Although the entries contain pictures, your copy should hold only their exact text.

PROVIDED RECORDS START

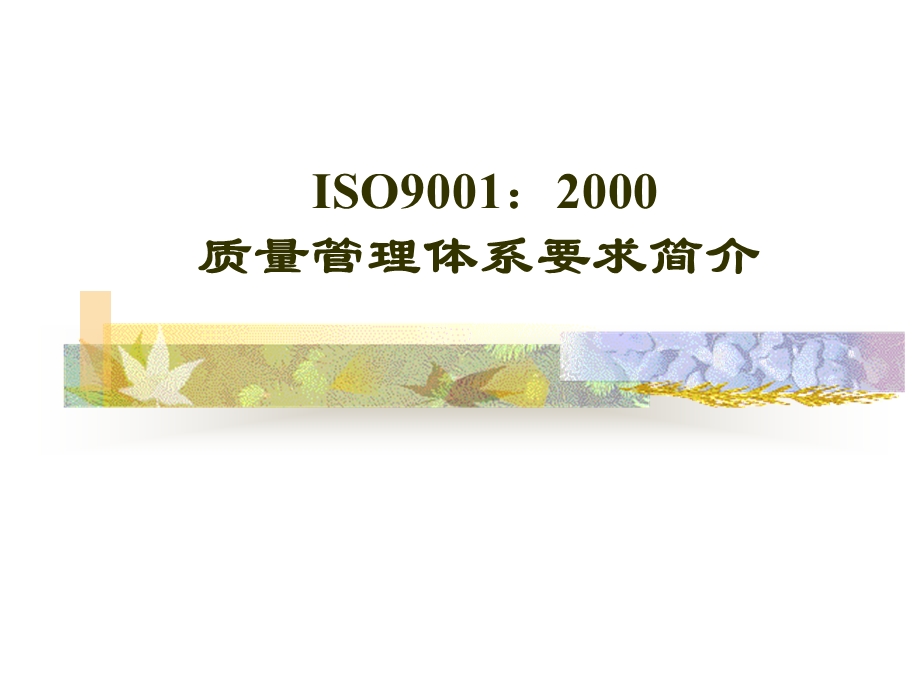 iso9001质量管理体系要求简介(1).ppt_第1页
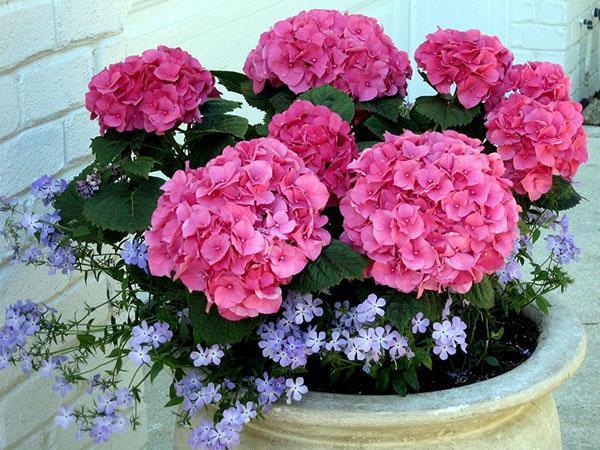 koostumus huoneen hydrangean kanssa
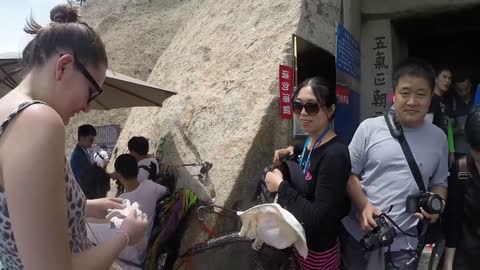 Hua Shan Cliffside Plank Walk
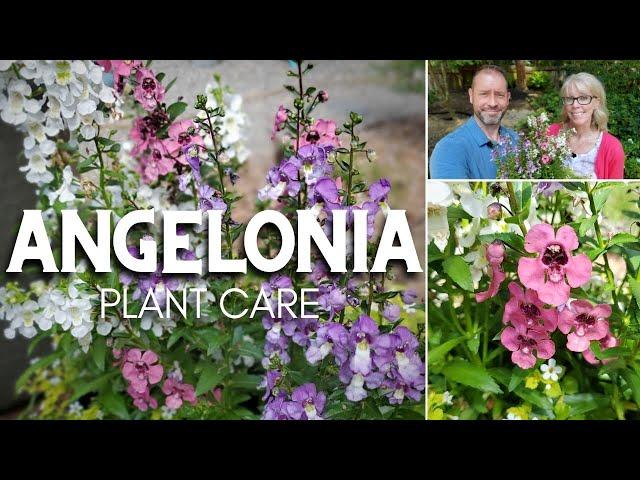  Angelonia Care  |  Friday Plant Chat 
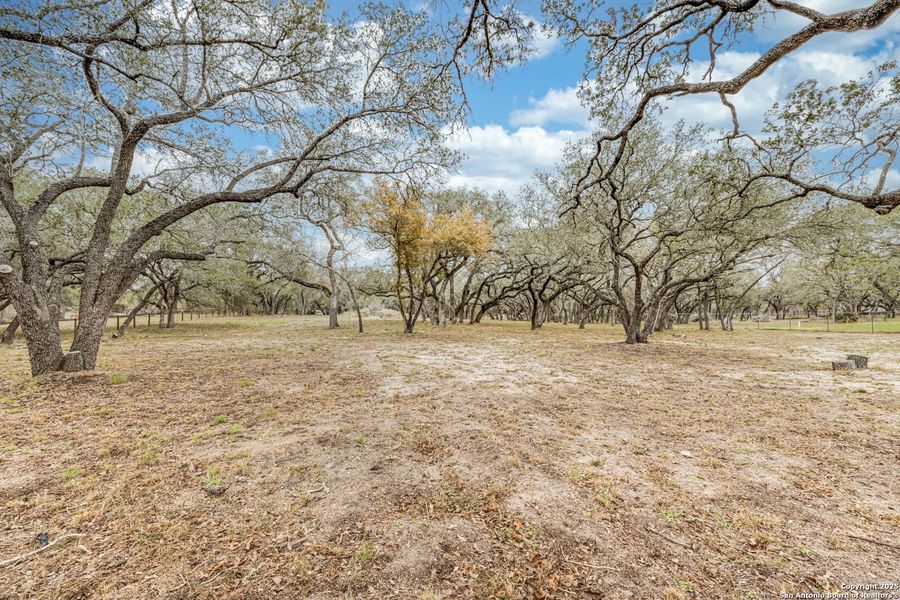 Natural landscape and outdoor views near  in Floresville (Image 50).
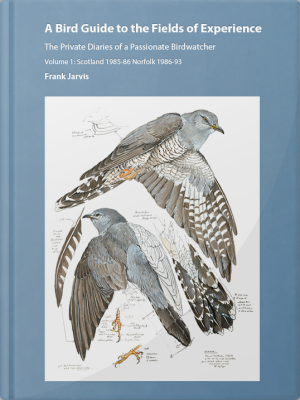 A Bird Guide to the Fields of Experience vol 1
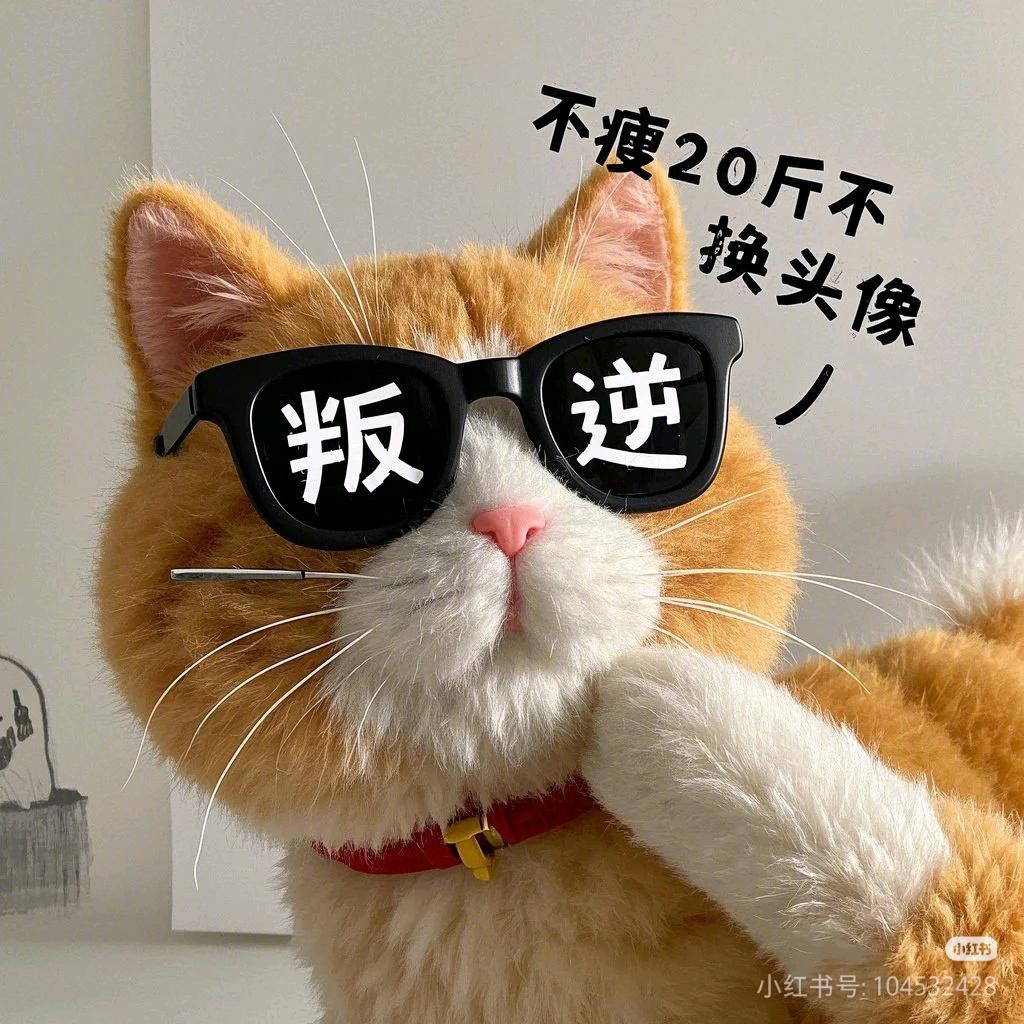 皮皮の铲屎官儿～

PROVIDED RECORDS END

RESULT OF THE TASK>
 iso9001质量管理体系要求简介(1).ppt_第1页
 koostumus huoneen hydrangean kanssa
 Hua Shan Cliffside Plank Walk
  Angelonia Care  |  Friday Plant Chat 
 Natural landscape and outdoor views near  in Floresville (Image 50).
 A Bird Guide to the Fields of Experience vol 1
 皮皮の铲屎官儿～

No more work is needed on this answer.